What to do: Using the listing below, retype exactly the lines starting at the one with "Snapshot of Fantastic_ruby" and ending at the one with "Apartment RE09 — additional photo 27", and include both.

........

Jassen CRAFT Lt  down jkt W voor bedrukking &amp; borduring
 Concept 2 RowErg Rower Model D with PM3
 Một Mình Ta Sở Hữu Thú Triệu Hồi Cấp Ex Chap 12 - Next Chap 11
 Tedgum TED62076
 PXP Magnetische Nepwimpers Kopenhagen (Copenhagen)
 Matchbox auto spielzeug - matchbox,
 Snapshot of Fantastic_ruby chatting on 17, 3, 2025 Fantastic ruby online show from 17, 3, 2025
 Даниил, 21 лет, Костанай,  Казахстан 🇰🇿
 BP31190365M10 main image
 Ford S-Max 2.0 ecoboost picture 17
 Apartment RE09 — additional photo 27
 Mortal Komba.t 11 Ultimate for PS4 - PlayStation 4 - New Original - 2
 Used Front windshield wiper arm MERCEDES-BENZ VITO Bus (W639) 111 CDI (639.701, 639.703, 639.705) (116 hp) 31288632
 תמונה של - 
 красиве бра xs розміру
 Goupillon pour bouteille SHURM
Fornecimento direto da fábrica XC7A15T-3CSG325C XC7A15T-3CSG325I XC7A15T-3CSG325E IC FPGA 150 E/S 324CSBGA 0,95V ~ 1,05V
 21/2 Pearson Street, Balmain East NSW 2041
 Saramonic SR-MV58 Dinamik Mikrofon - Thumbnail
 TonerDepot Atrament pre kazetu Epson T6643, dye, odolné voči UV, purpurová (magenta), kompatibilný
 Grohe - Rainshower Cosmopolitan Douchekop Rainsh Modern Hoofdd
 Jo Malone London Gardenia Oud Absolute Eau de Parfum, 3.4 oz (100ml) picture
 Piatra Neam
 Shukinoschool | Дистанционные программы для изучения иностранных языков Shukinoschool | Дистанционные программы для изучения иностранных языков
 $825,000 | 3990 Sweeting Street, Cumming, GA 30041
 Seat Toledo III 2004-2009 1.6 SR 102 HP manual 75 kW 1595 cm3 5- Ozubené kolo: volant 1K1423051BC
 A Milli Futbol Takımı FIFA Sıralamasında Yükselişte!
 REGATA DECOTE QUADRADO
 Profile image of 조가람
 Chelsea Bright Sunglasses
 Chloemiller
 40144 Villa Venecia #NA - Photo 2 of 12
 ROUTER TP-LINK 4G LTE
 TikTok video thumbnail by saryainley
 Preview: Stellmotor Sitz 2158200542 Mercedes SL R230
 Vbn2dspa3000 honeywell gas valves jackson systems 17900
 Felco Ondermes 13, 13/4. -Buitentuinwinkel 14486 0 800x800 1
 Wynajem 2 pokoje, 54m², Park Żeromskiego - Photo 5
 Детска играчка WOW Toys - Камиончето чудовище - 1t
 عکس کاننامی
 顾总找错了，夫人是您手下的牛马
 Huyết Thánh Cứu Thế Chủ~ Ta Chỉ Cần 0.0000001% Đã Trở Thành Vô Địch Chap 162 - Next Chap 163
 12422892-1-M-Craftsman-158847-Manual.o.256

........

Answer area:
 Snapshot of Fantastic_ruby chatting on 17, 3, 2025 Fantastic ruby online show from 17, 3, 2025
 Даниил, 21 лет, Костанай,  Казахстан 🇰🇿
 BP31190365M10 main image
 Ford S-Max 2.0 ecoboost picture 17
 Apartment RE09 — additional photo 27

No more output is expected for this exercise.